▸ **Aim of the exercise**: Starting from the line that holds "Building Photo - 3701 S George Mason Dr", output exactly each line through the end of the listing. Do not copy pictures.
**** Records ****
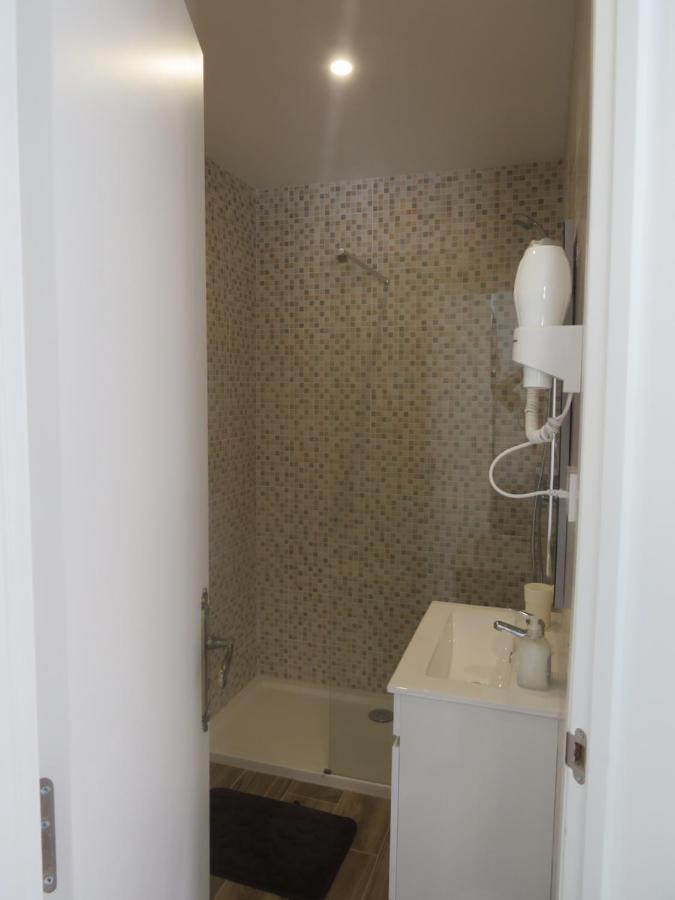 Moradia Geminada V2- Piscina Privada Villa Quarteira Exteriör bild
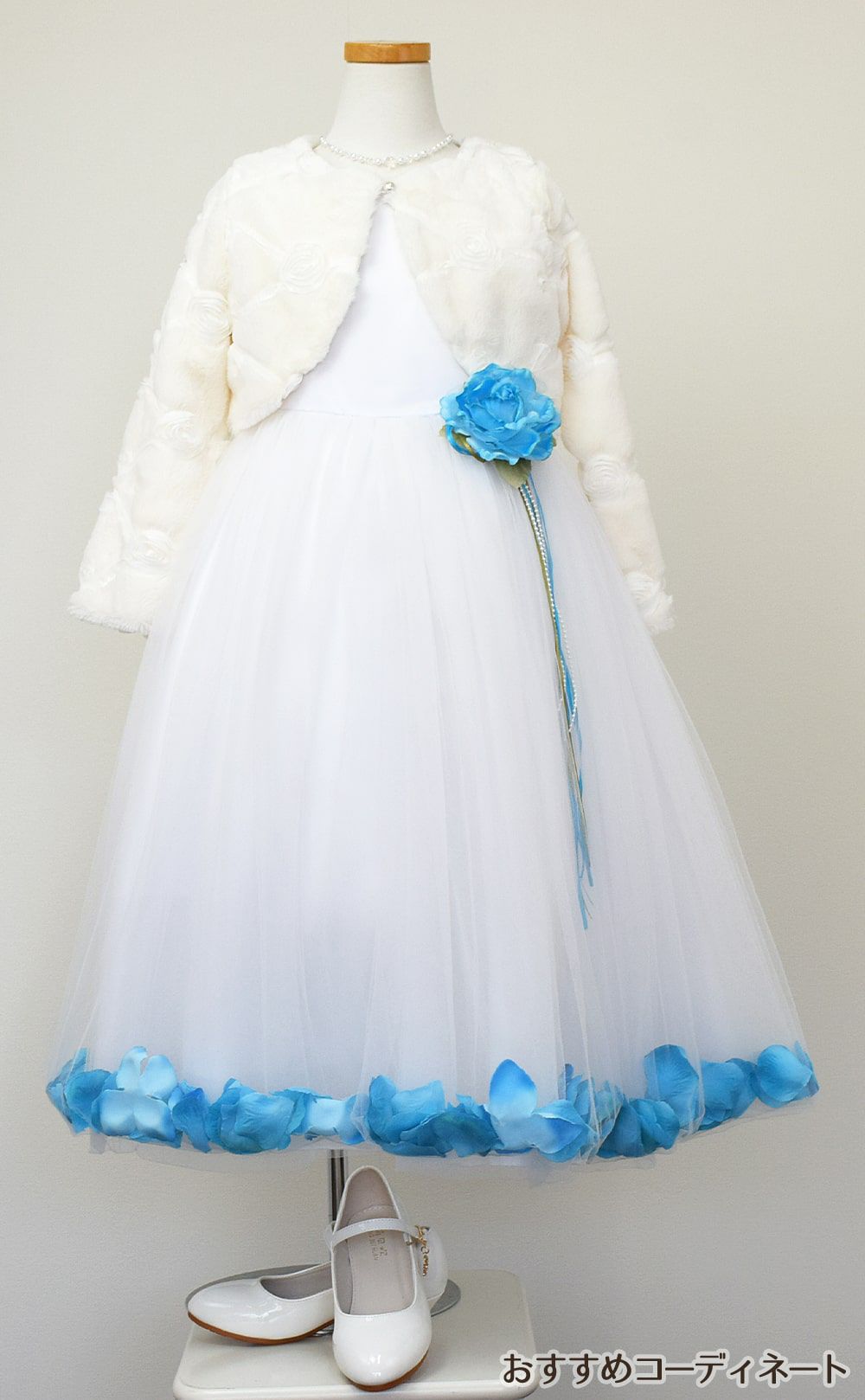 ピアノ発表会や結婚式にぴったりのホワイトカラーの女の子用キッズドレス。シンプルで美しいシルエットが魅力のAngel's Closetの子供ドレス レンタル商品（【レンタル】サテン＆チュールフラワーペタルドレス（KD160B）ホワイト）｜画像12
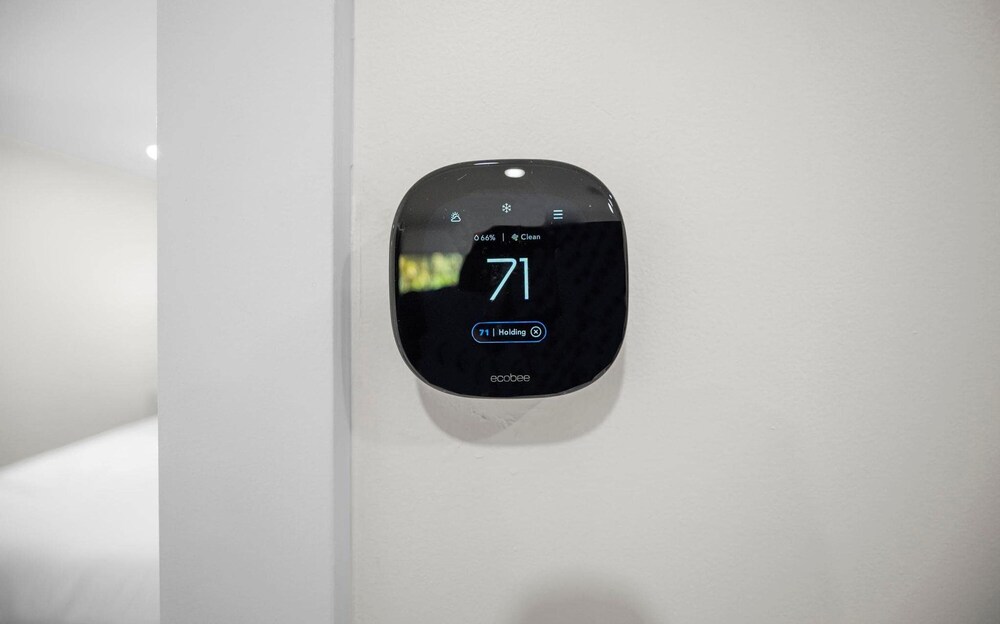 Uhost AI 4-unit Gem Mins to Las Olas Beach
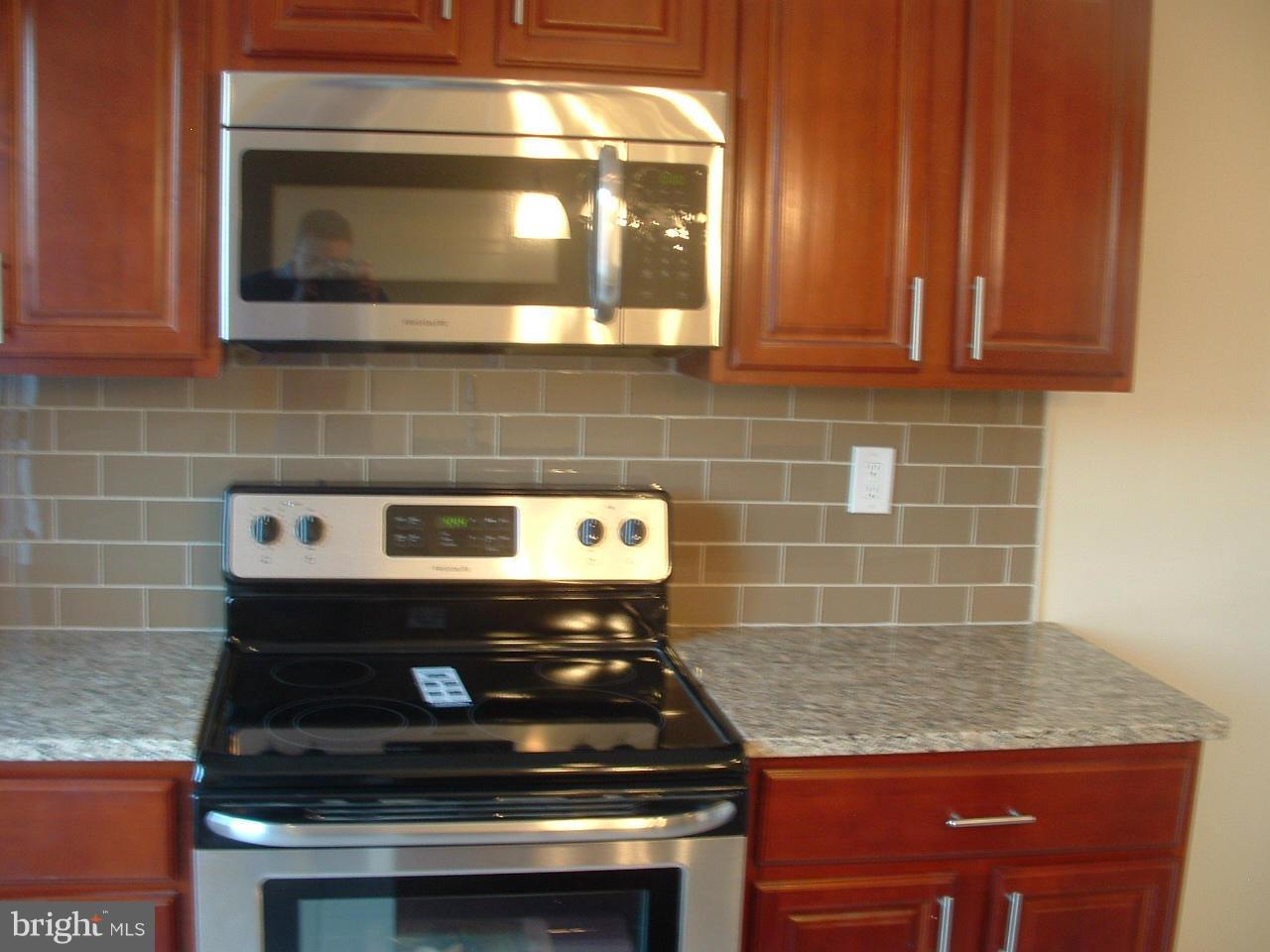 229 Southeastern Court Baltimore, MD 21221 - Photo 7 of 26 Kitchen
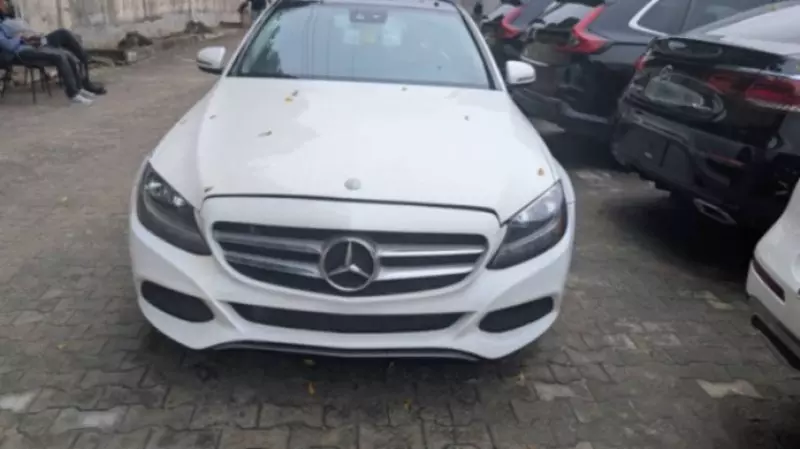 Mercedes-Benz C 300
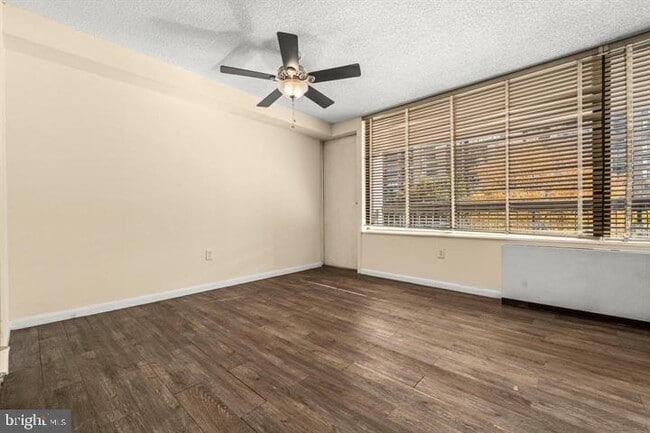 Building Photo - 3701 S George Mason Dr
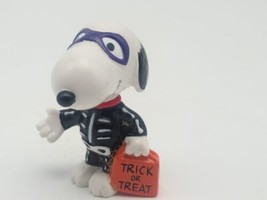 Vintage Peanuts Snoopy Halloween Trick or Treat Skeleton Costume PVC Figure RARE - £12.44 GBP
****
▸ **Answer to the problem**:
 Building Photo - 3701 S George Mason Dr
 Vintage Peanuts Snoopy Halloween Trick or Treat Skeleton Costume PVC Figure RARE - £12.44 GBP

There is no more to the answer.